Here in Britain we may scoff; our national decision-making is, if not perfect, at least free from quarrelling seers. But, in truth, we are constantly making important decisions based on attempts to predict the unknowable, and if our economic forecasts over the last two years have been anything to go by, the Bank of England’s rate-setters might as well have been looking into a crystal ball.
And indeed, amid the “unprecedented” era that has characterised the last four years, the appeal of astrology has grown rapidly, particularly among millennials and Gen Z, for whom the future appears increasingly precarious. Co-Star, a social networking astrological app that provides users with daily horoscopes, was reported to have 30m registered users as of last July, a quadrupling of its 2020 numbers. Meanwhile, a recent survey found Gen Z were far more likely to be interested in applying astrology to their lives than religion.
But Gen Z are not entirely irrational and, crucially, though they may be more likely to take an interest in astrology, this is not predicated on a genuine belief in the guiding power of the stars. On the contrary, many of astrology’s most enthusiastic followers do not believe in its spiritualism at all. Polls in the US found that while one in four Americans believed in astrology “to a degree”, over half read horoscopes. Likewise social theorist Theodor Adorno, who examined the modern appetite for astrology based off of the the Los Angeles Times’s popular horoscope column from the 1950s, noted that “many followers of astrology do not seem quite to believe but rather take an indulgent, semi-ironical attitude towards their own conviction”.
This tenet marks a crucial distinction between the modern western interest in astrology and that of Sri Lanka and other more traditional proponents. The latter’s use of astromancy is rooted in ‘mundane astrology’, the practice’s oldest school, which is concerned with the matters of governments and nations. Gen Z’s horoscope fixation, on the contrary, is concerned explicitly with the self, in accordance with ‘natal astrology’, the branch concerned with individual birth charts, first developed in the 6th century and now having its second heyday in the year of our lord 2024.
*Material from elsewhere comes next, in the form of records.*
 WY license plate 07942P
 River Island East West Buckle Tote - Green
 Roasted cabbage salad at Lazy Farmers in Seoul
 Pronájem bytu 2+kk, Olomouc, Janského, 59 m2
From star-gazing to navel-gazing then, a cynic might say, but is it really so different from the corporate obsession with Myers-Briggs tests? From INFPs to ESTJs, Myers-Briggs claims to be rooted in evidence-based psychological theories to separate out the mediators from the executives. But as most who have taken the quiz more than once can attest to, one’s ‘personality type’ often seems to hinge just as much on the time of the day and the slant of the sun as one’s star sign. Perhaps what’s really going on here is a kind of pseudoscientific soul searching; a yearning for an easily definable identity as other markers – race, gender, religion – become more complex.
As eco-anxiety grips the young, believing in a kind of predetermination can also offer a liberating and comforting escape. This ties into the concurrent traction gained by ‘optimistic nihilism’, a worldview which offers proponents a way to forge their own meanings onto their lives, based on an acceptance that the universe is ultimately a place of meaninglessness. In the same way, as Adorno put it, modern astrology and horoscopes offer their adherents “a way to articulate meaningful narratives about the world and their place in it”.
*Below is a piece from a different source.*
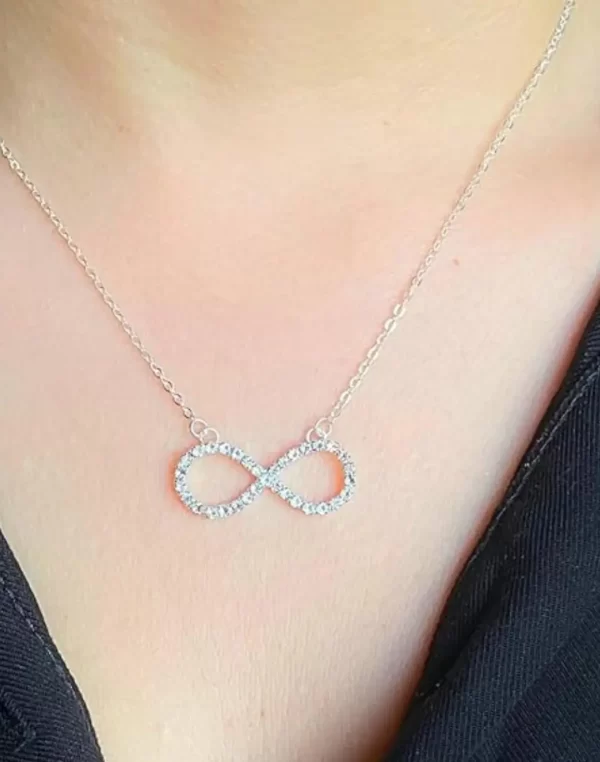 Colar Pingente Infinito - Corrente Gargantilha Folheado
The notorious slipperiness of the kind of language used in horoscopes, which can be bent to apply to almost any circumstance, naturally lends itself well to this kind of personal myth-making. It may also be the reason why astrology has been able to appeal to such a range of followers (Gen Z may not be pleased to find out that astrology has also enjoyed a surprising popularity among fascists).
Similarly, it’s astrology’s malleable quality that has allowed it to variably become both a form of empowerment and submission. “As above, so below” is a slogan often attached to astrology, the belief that the terrestrial world is a reflection of the celestial one. For some, this can validate complacency: why bother if the stars have already decided? Yet its mirror – “so below, as above” – can inspire an opposite sense of aggrandisement. A horoscope can “promise a cosmos in which the individual human life has literally cosmic significance,” as Adorno put it.
So, perhaps before we roll our eyes at horoscope-obsessed millennials and spatting Sri Lankan seers, it is worth thinking about the many ways we all so often look to the stars.